Say I have a single file "fruitsbought.csv" that contains many records that contain a date field.
Is it possible to "partition" for better performance by creating the "fruits" table based on that text file, while creating a partition in which all the rows in fruitsbought.txt that would match that partition, say if I wanted to do it by year and month, to be created?
Or do I have to as part of a separate process, create a directory for each year and then put the appropriate ".csv" files that are filtered down for that year into the directory structure on HDFS prior to creating the table in impala-shell?
I heard that you can create an empty table, set up partitions, then use "Insert" statements that happen to contain the partition that that record goes into.
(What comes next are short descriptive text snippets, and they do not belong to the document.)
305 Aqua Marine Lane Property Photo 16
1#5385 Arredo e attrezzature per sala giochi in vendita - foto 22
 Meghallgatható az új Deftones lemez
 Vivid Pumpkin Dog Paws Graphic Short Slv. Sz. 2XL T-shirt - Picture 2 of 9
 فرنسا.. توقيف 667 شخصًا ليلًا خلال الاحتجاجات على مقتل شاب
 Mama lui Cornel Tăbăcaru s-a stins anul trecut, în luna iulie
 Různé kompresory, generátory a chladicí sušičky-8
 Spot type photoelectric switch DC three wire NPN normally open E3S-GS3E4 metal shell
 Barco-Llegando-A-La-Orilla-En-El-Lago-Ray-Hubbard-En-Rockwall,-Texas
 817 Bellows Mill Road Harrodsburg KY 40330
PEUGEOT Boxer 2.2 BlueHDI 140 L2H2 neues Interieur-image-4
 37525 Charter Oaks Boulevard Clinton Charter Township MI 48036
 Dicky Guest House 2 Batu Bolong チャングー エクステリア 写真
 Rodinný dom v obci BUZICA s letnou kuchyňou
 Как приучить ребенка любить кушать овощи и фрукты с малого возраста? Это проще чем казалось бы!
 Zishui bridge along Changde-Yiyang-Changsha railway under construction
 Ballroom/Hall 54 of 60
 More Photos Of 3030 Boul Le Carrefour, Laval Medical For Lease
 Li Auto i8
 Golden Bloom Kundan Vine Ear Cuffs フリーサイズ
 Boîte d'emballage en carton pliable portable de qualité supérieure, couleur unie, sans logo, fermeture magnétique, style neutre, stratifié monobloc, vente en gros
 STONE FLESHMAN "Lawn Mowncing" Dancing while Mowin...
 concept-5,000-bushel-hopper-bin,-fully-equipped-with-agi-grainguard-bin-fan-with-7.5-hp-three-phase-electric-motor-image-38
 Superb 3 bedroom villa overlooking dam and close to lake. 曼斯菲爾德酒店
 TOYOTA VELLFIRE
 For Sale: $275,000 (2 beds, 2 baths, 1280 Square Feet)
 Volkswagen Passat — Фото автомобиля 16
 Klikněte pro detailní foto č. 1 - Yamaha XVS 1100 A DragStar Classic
Though in my current case, I already have a single "fruitsbought.csv" that contains every record I want in it that I like how I can just make that into a table right there (though it does not have parititionig).
Do I have to develop a separte process to presplit the one file into the multiple files sorted under the right partition? (The one file is very very big).
Create external table using fruitsbought.csv example (id is just example, ...- mean rest of columns in table):
CREATE EXTERNAL TABLE fruitsboughexternal
(
id INT,
.....
mydate STRING
) ROW FORMAT DELIMITED FIELDS TERMINATED BY ','
LOCATION 'somelocationwithfruitsboughtfile/';
Create table with partition on date
CREATE TABLE fruitsbought(id INT, .....)
PARTITIONED BY (year INT, month INT, day INT)
ROW FORMAT DELIMITED FIELDS TERMINATED BY ',';
INSERT INTO fruitsbought PARTITION(year, month, day) SELECT id, ..., year(mydate), month(mydate), day(mydate) FROM fruitsboughexternal;